Reproduce each record exactly.

################

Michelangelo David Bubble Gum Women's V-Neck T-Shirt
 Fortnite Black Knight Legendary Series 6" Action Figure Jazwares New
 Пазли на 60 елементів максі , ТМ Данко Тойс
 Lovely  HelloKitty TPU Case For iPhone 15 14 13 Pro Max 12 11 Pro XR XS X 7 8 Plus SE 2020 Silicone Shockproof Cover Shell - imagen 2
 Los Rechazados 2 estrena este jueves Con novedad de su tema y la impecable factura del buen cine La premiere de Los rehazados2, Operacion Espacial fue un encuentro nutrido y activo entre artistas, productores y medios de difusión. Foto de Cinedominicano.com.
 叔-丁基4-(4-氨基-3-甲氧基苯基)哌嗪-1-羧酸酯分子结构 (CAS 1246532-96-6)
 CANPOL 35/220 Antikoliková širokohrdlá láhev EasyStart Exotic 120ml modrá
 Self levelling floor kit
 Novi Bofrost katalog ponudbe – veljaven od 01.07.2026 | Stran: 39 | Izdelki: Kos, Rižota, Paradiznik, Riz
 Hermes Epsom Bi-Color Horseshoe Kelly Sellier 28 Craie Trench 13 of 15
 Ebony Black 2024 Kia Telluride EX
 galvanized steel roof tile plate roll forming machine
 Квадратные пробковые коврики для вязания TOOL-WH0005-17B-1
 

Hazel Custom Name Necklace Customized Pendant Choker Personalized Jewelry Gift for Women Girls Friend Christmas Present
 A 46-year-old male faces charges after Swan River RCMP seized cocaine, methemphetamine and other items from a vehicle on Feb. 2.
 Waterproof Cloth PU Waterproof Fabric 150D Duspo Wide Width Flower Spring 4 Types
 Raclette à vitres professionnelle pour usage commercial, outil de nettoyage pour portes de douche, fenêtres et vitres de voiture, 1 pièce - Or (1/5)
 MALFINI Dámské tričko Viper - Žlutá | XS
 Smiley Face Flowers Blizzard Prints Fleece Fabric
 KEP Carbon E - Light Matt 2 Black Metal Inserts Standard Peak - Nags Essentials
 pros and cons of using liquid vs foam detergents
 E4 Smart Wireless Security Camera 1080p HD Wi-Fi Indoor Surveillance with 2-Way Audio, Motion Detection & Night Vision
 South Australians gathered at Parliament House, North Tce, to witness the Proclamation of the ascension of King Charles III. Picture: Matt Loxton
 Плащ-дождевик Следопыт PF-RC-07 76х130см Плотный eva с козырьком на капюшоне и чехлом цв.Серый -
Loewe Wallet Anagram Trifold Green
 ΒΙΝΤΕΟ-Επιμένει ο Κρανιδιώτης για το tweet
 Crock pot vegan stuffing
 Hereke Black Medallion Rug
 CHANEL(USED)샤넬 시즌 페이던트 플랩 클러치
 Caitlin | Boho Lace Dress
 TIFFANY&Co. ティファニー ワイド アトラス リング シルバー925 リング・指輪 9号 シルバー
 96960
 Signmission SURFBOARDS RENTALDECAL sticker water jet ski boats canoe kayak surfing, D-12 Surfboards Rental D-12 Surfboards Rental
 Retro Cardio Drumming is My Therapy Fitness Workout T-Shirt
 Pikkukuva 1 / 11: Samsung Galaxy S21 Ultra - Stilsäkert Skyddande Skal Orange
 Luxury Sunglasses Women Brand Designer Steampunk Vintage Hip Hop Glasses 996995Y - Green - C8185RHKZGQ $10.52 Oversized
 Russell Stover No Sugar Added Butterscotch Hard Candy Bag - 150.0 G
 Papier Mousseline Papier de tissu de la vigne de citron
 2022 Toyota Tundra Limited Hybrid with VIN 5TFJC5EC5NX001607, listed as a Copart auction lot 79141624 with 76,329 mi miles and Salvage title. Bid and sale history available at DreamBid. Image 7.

################

### WRITTEN ANSWER
Michelangelo David Bubble Gum Women's V-Neck T-Shirt
 Fortnite Black Knight Legendary Series 6" Action Figure Jazwares New
 Пазли на 60 елементів максі , ТМ Данко Тойс
 Lovely  HelloKitty TPU Case For iPhone 15 14 13 Pro Max 12 11 Pro XR XS X 7 8 Plus SE 2020 Silicone Shockproof Cover Shell - imagen 2
 Los Rechazados 2 estrena este jueves Con novedad de su tema y la impecable factura del buen cine La premiere de Los rehazados2, Operacion Espacial fue un encuentro nutrido y activo entre artistas, productores y medios de difusión. Foto de Cinedominicano.com.
 叔-丁基4-(4-氨基-3-甲氧基苯基)哌嗪-1-羧酸酯分子结构 (CAS 1246532-96-6)
 CANPOL 35/220 Antikoliková širokohrdlá láhev EasyStart Exotic 120ml modrá
 Self levelling floor kit
 Novi Bofrost katalog ponudbe – veljaven od 01.07.2026 | Stran: 39 | Izdelki: Kos, Rižota, Paradiznik, Riz
 Hermes Epsom Bi-Color Horseshoe Kelly Sellier 28 Craie Trench 13 of 15
 Ebony Black 2024 Kia Telluride EX
 galvanized steel roof tile plate roll forming machine
 Квадратные пробковые коврики для вязания TOOL-WH0005-17B-1
 

Hazel Custom Name Necklace Customized Pendant Choker Personalized Jewelry Gift for Women Girls Friend Christmas Present
 A 46-year-old male faces charges after Swan River RCMP seized cocaine, methemphetamine and other items from a vehicle on Feb. 2.
 Waterproof Cloth PU Waterproof Fabric 150D Duspo Wide Width Flower Spring 4 Types
 Raclette à vitres professionnelle pour usage commercial, outil de nettoyage pour portes de douche, fenêtres et vitres de voiture, 1 pièce - Or (1/5)
 MALFINI Dámské tričko Viper - Žlutá | XS
 Smiley Face Flowers Blizzard Prints Fleece Fabric
 KEP Carbon E - Light Matt 2 Black Metal Inserts Standard Peak - Nags Essentials
 pros and cons of using liquid vs foam detergents
 E4 Smart Wireless Security Camera 1080p HD Wi-Fi Indoor Surveillance with 2-Way Audio, Motion Detection & Night Vision
 South Australians gathered at Parliament House, North Tce, to witness the Proclamation of the ascension of King Charles III. Picture: Matt Loxton
 Плащ-дождевик Следопыт PF-RC-07 76х130см Плотный eva с козырьком на капюшоне и чехлом цв.Серый -
Loewe Wallet Anagram Trifold Green
 ΒΙΝΤΕΟ-Επιμένει ο Κρανιδιώτης για το tweet
 Crock pot vegan stuffing
 Hereke Black Medallion Rug
 CHANEL(USED)샤넬 시즌 페이던트 플랩 클러치
 Caitlin | Boho Lace Dress
 TIFFANY&Co. ティファニー ワイド アトラス リング シルバー925 リング・指輪 9号 シルバー
 96960
 Signmission SURFBOARDS RENTALDECAL sticker water jet ski boats canoe kayak surfing, D-12 Surfboards Rental D-12 Surfboards Rental
 Retro Cardio Drumming is My Therapy Fitness Workout T-Shirt
 Pikkukuva 1 / 11: Samsung Galaxy S21 Ultra - Stilsäkert Skyddande Skal Orange
 Luxury Sunglasses Women Brand Designer Steampunk Vintage Hip Hop Glasses 996995Y - Green - C8185RHKZGQ $10.52 Oversized
 Russell Stover No Sugar Added Butterscotch Hard Candy Bag - 150.0 G
 Papier Mousseline Papier de tissu de la vigne de citron
 2022 Toyota Tundra Limited Hybrid with VIN 5TFJC5EC5NX001607, listed as a Copart auction lot 79141624 with 76,329 mi miles and Salvage title. Bid and sale history available at DreamBid. Image 7.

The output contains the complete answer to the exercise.